# Treble O lectric



## Templar (Sep 11, 2013)

I have a Lone Star Treble O lectric. My brother got it for Christmas of 1962 or 63. I was wondering where you can buy the little rubber bands that turns the wheels. I just went to a orthodontist and they gave me a bag of 10mm bands. But they don't seem to be as strong. They work but they don't last as long. Plus how much do you think it is worth.


----------



## EMD_GP9 (Jun 19, 2012)

Hi Templar.
I found this page which may help

http://www.irwinsjournal.com/a1g/a1glocos/MiscTrebInfo.html#Tribulations

The Marklin 7153 traction tyres mentioned are about 10mm inside diameter and are pretty strong so may work.

There is also this page with more info which may be useful.

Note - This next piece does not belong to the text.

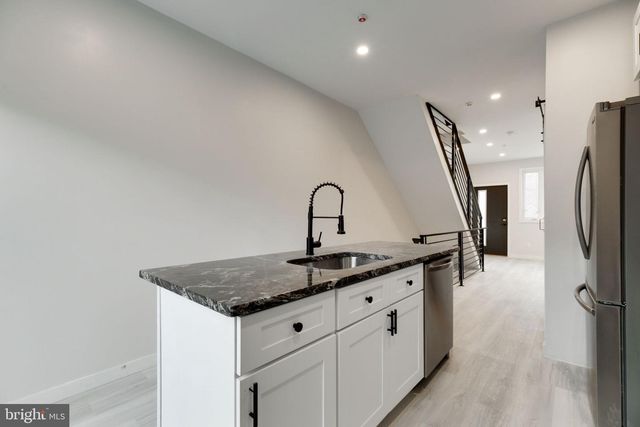 614 HOFFMAN ST, Philadelphia, PA 19148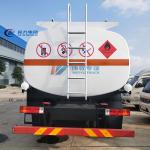 LHD / RHD Faw 4x2 8m3 Gallons Fuel Oil Delivery Truck Fuel Transport Tanker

http://www.irwinsjournal.com/a1g/a1glocos/MiscTrebInfo.html

Over here in the UK they sometimes are listed on Ebay and I have seen them at train fairs so they are not particularly rare over here.
Ths last one I saw was in an estate agents (Realtor ?) shop in Blaneau Ffestiniog in Wales and was a complete scenic set with moulded baseboard but was not for sale !

Hope this helps. Colin.
I


----------



## Templar (Sep 11, 2013)

Thanks. They sell them but there out of stock right. So I ordered some they said it will take 4 weeks. I got the ones from the orthodontist to hold me over. But thanks I really appreciate this. GO DETROIT TIGERS!!!!!!!


----------



## EMD_GP9 (Jun 19, 2012)

You are welcome.
Glad it is useful.
I just remembered I visited the Detroit area some years ago. I got stuck in a hotel over a weekend with no transport so had to stay local.
The hotel was in Mt.Clemens so I visited a preserved railroad which went into an Airbase to an aircraft museum. I just looked at the hat I bought at the time and it was Selfridge AFB. 
Do you know it ?
regards, Colin.


----------



## Templar (Sep 11, 2013)

Yes I was in the air national guard and I was stationed there. That's about 15 mile from where I live right now. And did you know that Mt Clemens is the home to Lionel. It was owned by the singer Neil Young, but I don't know if he still owns it. But I see they just moved there world headquarters to neighboring Utica. It's a small world. Thanks for your help


----------